Rhinella “margaritifera” — Crested Forest Toad
Also known as:
South American Common Toad
The genus Rhinella was split from Bufo by Frost et al in 2006. Many references still use the long-established name Bufo margaritifer for this species. Still older references use Bufo typhonius, which was a name in use until someone noticed that it already been used for an Old World toad.
Rhinella "margaritifera" is considered a species complex. This means that herpetologists believe that multiple difficult-to-distinguish species are covered by this name, and no researcher has yet done the work required to differentiate them.
Some of them are strongly patterned, whereas others are very plain.
Some of them have really perfected the dead-leaf look.
This mostly-dark-with-yellowish-highlights look was a fairly popular one. Looking at these photos, I'm pretty sure they are of the same individual, though they were taken about four hours apart on one of the forest trails.
Some individuals have a pronounced vertebral stripe, which further breaks up the animal's outline, making it even harder to recognize when not moving. This is a pretty large adult, with high cranial crests.
A couple more medium-sized individuals, further displaying the wide assortment of shapes, sizes, and colors currently grouped together in this species complex.

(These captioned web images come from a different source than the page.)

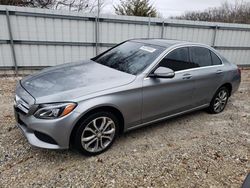 Mercedes-Benz Vehiculos salvage en venta: 2015 Mercedes-Benz C 300 4matic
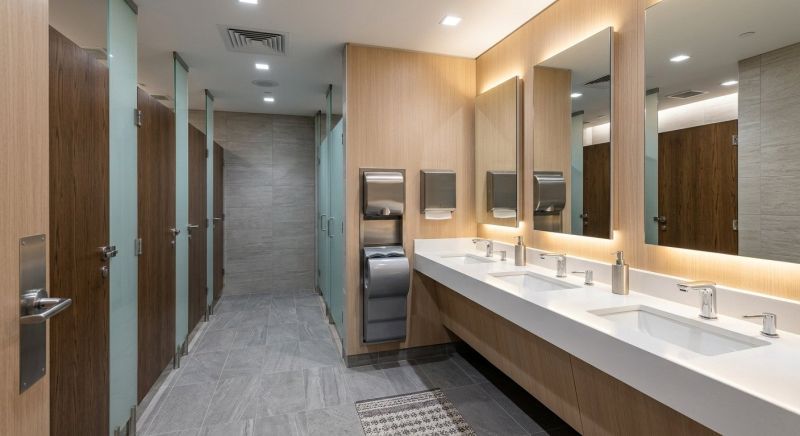 Restroom Renovation in Summerville, SC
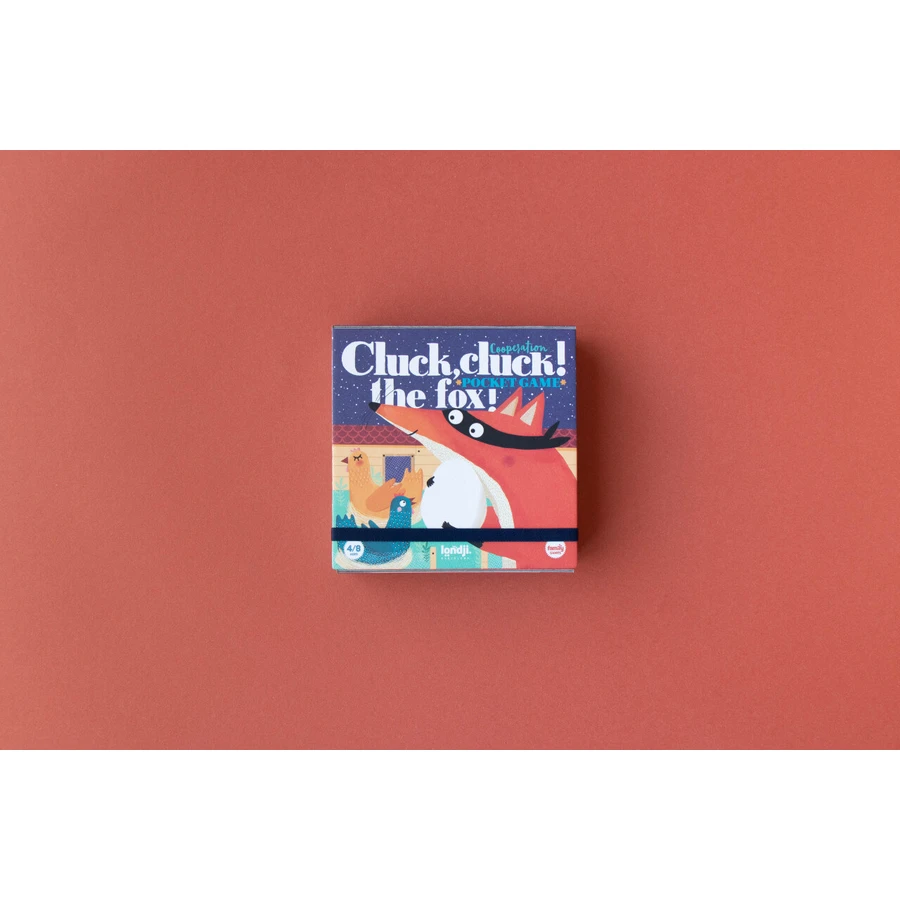 Kooperatives Spiel Pocket-Version Cot-codac, Vorsicht vor dem Fuchs, Londji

For some reason, these toads were not nearly as common in 2014 as they were in 2013. This is the only one I saw in the first few days, whereas the previous year I saw at least four or five every time I went out hiking.
This one is medium-sized and rather plain. You can see low-rise cranial crests, which might grow much taller as it ages.
The teeny-tiny forest Rhinella typically have the brightest colors and most dramatic patterns. The very blue toad above was extremely small, less than half an inch long. The one on the lens cap was a little larger, and quite a bit less colorful. I'm not completely certain that these are R. "margaritifera" rather than R. dapsilis, but that's what I'm calling them for now.
A particularly leaf-litter-colored toadlet in the leaf litter.
Another trip to Peru, another batch of toads in this complex. As always, some of these might instead be the difficult-to-distinguish Rhinella dapsilis instead. I think the pronounced crests on this particular toad rule out R. dapsilis.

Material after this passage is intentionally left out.